1. George Mason: “To what extent do you think grammar schools aid social mobility?”

CS: I think different schools work for different people.

RL: Each model serves everyone differently.

MA: I am thankful of the opportunity to come to LRGS and I want other people to have that.

CC: If we want to address social mobility we have to look further than the education system.

2. Max Mortimer: “With the housing market incredibly squeezed on the supply side, how can we be confident that we will be able to get on the property ladder in the near future?”

RL: One way is for the government to build more houses. Another is to offer more help for people to buy.

CC: We need to do something about the number of empty houses across the country.

CS: We need to build more houses. It’s also important that we look at the way private rented housing works.

MA: Prices have spiralled way out of control and the population has increased by about 5m in the last few years, which has had an effect on housing.

3. Rayhan Munavvar: “Do you think in the process of tackling extremism, Muslim communities in our country are being unfairly targeted and isolated?”

CC: We really need to do something to reach out across communities more.

RL: There’s a lot of emphasis put on individual communities themselves to integrate with the country. We should not put the onus on them.

CS: It’s clear there’s a rise in Islamophobia and hate crime.

MA: The idea that we can just mash everyone together doesn’t work. There’s an onus on the Muslim community to look at it because no one else can do that.

4. James Fenna: “The issue of climate change has dropped off the agenda since the financial crash, but it remains the dominant threat to global health and the economy over the coming decades. How will the parties encourage international cooperation towards renewing the Kyoto Protocol, and reaffirm national commitments to carbon reduction?”

CS: It’s a global problem. We should be working with other countries if we want to solve it.

RL: We can do a lot more and I think to get an international agreement we need to lead and encourage other countries.

MA: I believe we should be focusing our investment into what efficiencies can be made.

CC: People are looking to invest their money in something that will make a difference.

5. Alex Rigg: “Why is the Morecambe Bay Trust funded in the same manner as a city hospital when the population is much more spread out?”

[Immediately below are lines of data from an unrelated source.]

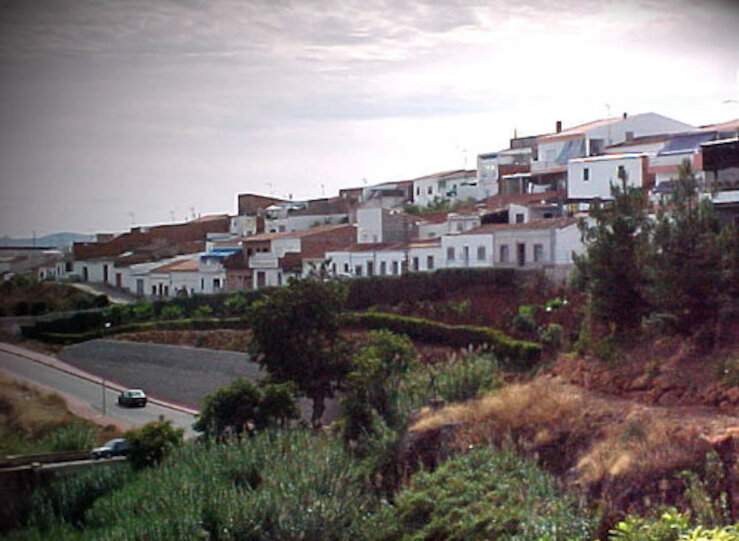 Declaracin urgente de ocupacin de terrenos para obras de acceso a Solana desde la EX300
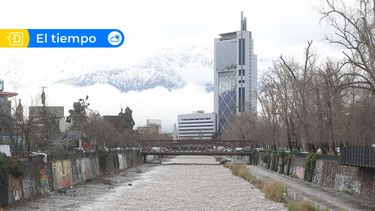 Vuelve la lluvia y el fuerte viento: ¿A qué hora arribará el sistema frontal en Santiago?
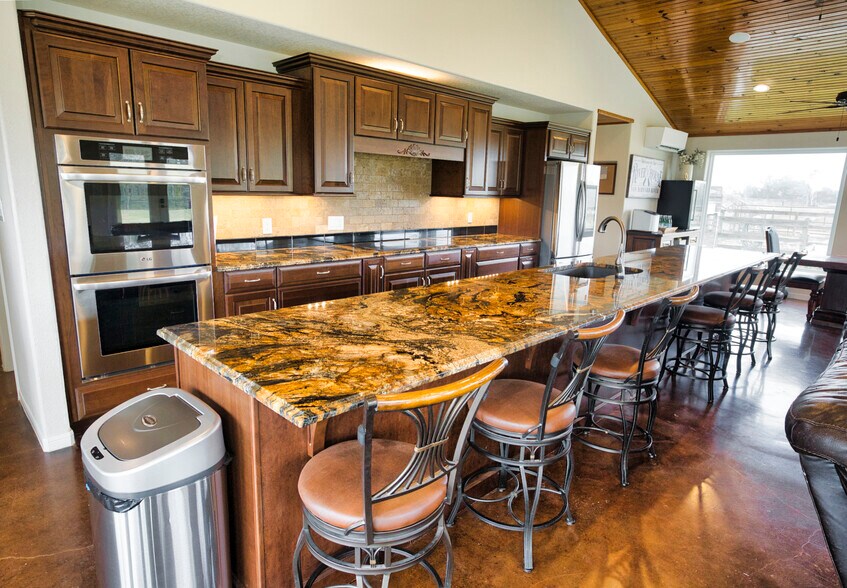 More Photos Of 3559 FM 521 Rd, Brazoria Specialty For Sale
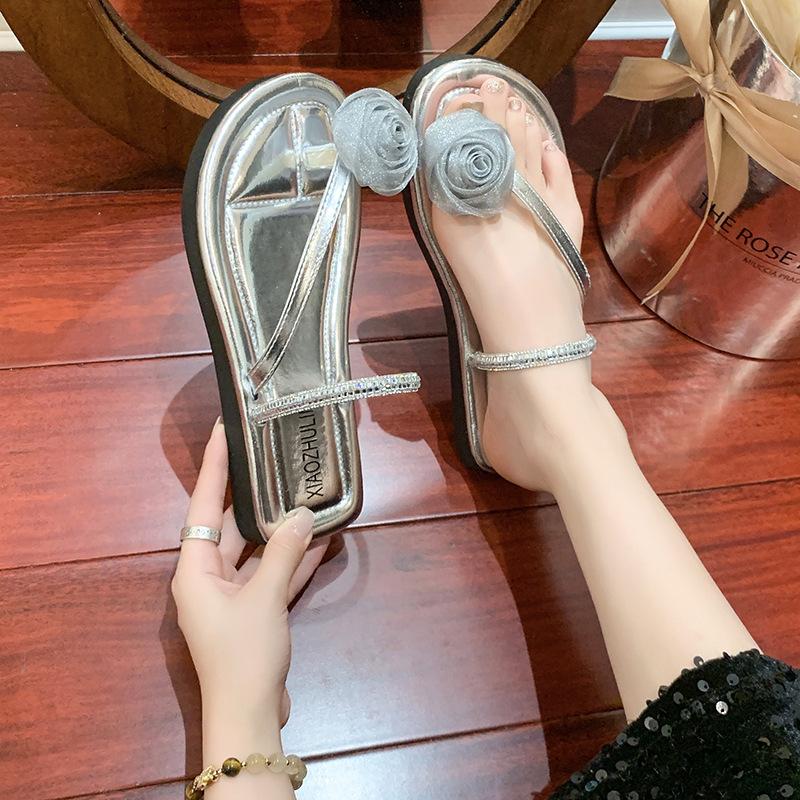 Beautiful flat-bottomed set of toe-cool slippers for women's summer wear 2025 new models with skirts, fairy rhinestones, flip-flops, sandals.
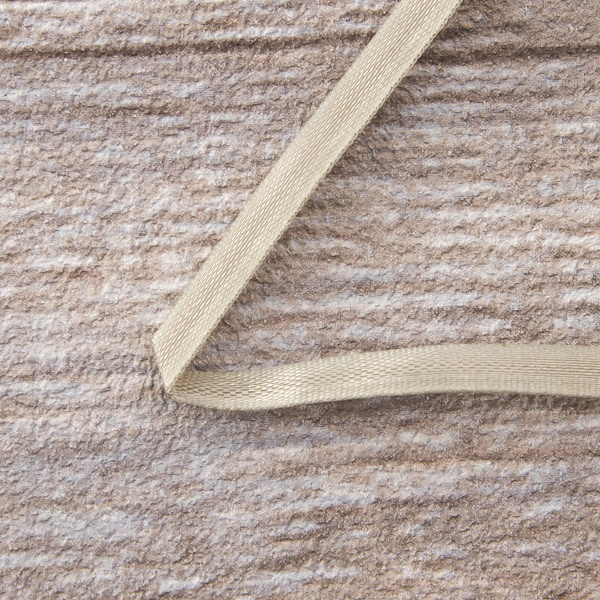 Лента для вышивания SAFISA на блистере, 4 мм, 5 м, цвет 67, серый. Арт P111-4мм-67             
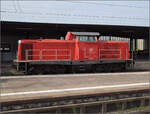 212 034 der DB Fahrwegdienste GmbH ohne VKM-K�rzel in Karlsruhe. Erstaunlicherweise hat die Lok eine Schweizzulassung. Ob sich dies nur auf die Hochrheinbahn bezieht, entzieht sich meiner Kenntnis. Mai 2024.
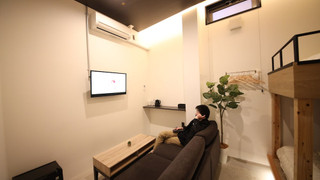 コンフォート 4 人部屋 シングルベッド 4台 禁煙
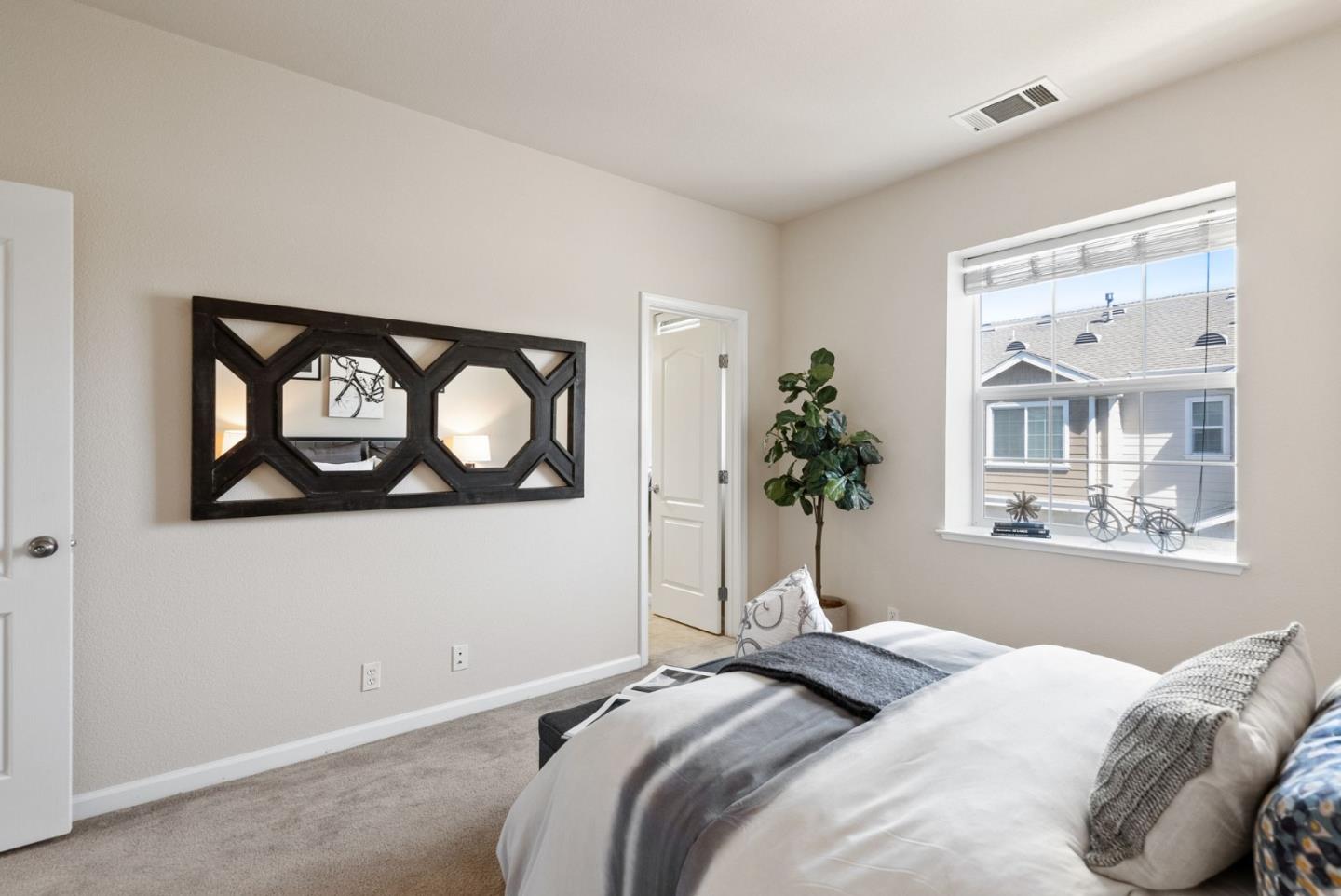 2809 Lavender Terrace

CS: We are trying to run three hospitals on the same budget that others are running one or two. The trust needs to have its geography recognised.

RL: The NHS is wonderful and we need to keep funding it in the right way. It has to be decided by medical professionals instead of politicians.

CC: Geography is a huge issue for all sorts of public services and it needs to be taken into account.

MA: The management and bureaucracy of the NHS has spiralled out of control and needs to be reined in.

6. Larry Wong: “Do you think there is a deep divide between politicians at Westminster and young people?”

CC: The Green Party has for a long time wanted to lower the voting age to 16. I think that would make politicians sit up and take them seriously.

CS: We need politicians representing our country better; they come from a very narrow background.

RL: I want to see Parliament move closer to the real world.

MA: I think we need to engage young people more.”